Abuse of right. Another legal principle that the text delves into (84) is that of “abuse of right”, in tandem with the above-mentioned “good faith.” These are general principles of law found, in some form or another, in most legal systems. The text cites Article 300 of UNCLOS, which lays down that “States Parties shall fulfill in good faith the obligations assumed under this Convention and shall exercise the rights, jurisdiction and freedoms recognized in this Convention in a manner which would not constitute an abuse of right,” adding that Manila has not done so by seeking to bypass Beijing’s refusal to engage in arbitration and existing agreements to settle the dispute by negotiations.

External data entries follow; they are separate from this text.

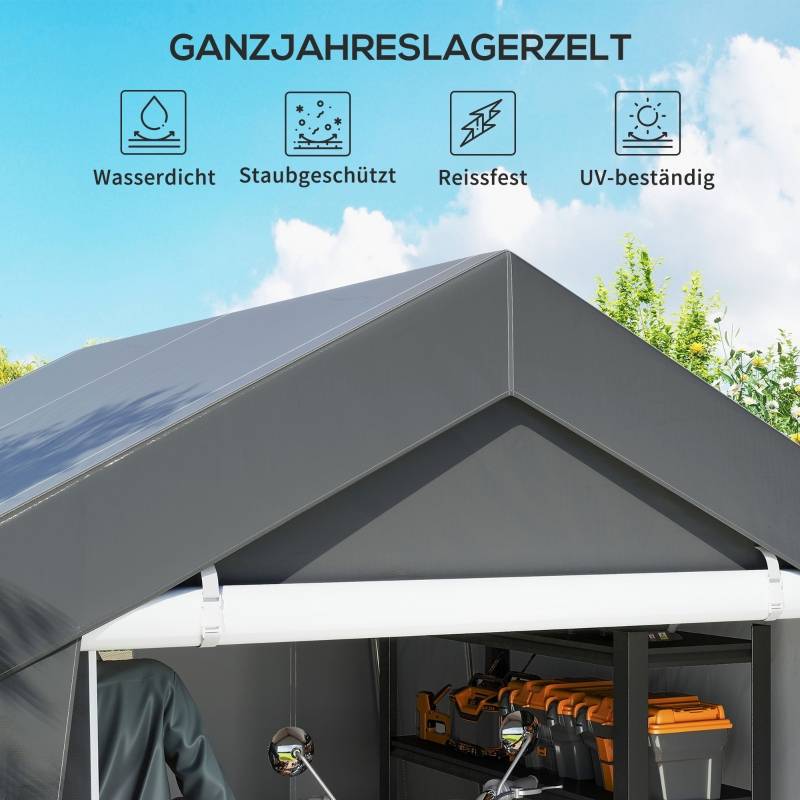 Tente de garage 3x3m gris foncé étanche porte roulante et fenêtre de ventilation, bords allongés - Image 4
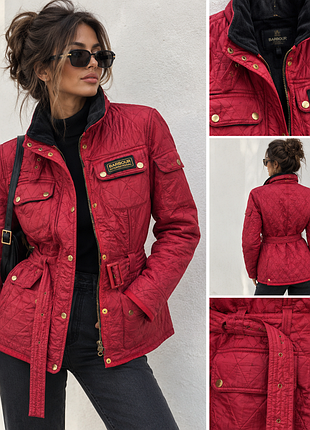 Жіноча стьобана куртка barbour на флісі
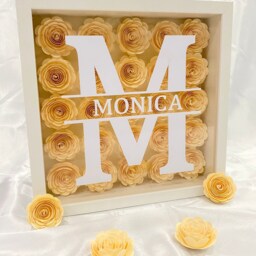 Personalised Shadow Box Frame Paper Flowers - Custom Name Wall Art Handmade Gift For Her, Birthday, Anniversary, Home Decor, Photo - thumbnail 2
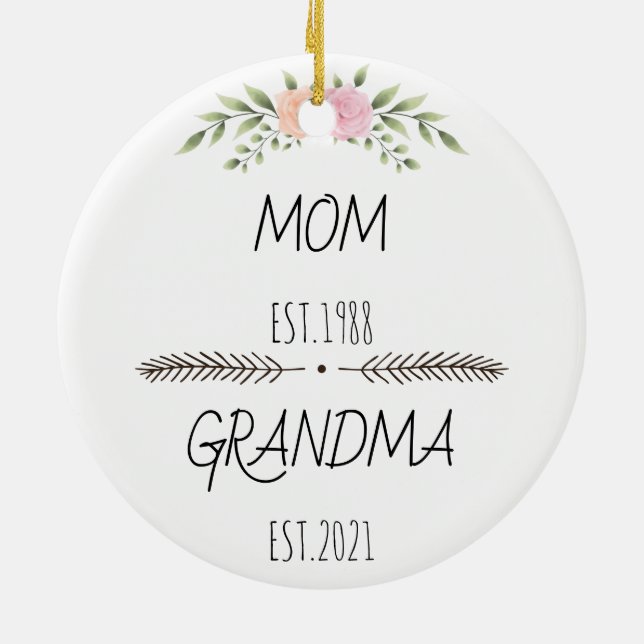 Personalisierte Mama Oma Est Custom Year, Blume Keramik Ornament (Hinten)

Conclusions. Beijing’s document, despite stressing that it is not a formal reply, systematically rejects all of Manila’s arguments, while summarizing China’s position. While China emphasizes the Philippines’ alleged promise to deal with the issue bilaterally, the text refers to treaties between other countries, mentions ASEAN, and touches upon the sensitive issue of Taiwan, in a reminder of how difficult it is to keep things bilateral in this corner of the world. Reading in between lines we can also see how history casts a long shadow over Beijing’s position, a position which is not always free from contradictions, for example when it defends the delay in opening up negotiations with Manila by stressing the complexities involved due to among others the large number of parties, while at the same time emphasizing her traditional stance that the dispute should be approached bilaterally. At the end of the day, it will be might (in a broad sense of the word, not necessarily limited to naval power, and in particular traditional lethal naval power), rather than right which will determine the fate of the South China Sea, but this does not mean that international law will not play a role, and hence the need to carefully follow developments in the international arbitration case initiated by the Philippines, together with rearmament and greater coordination among maritime democracies.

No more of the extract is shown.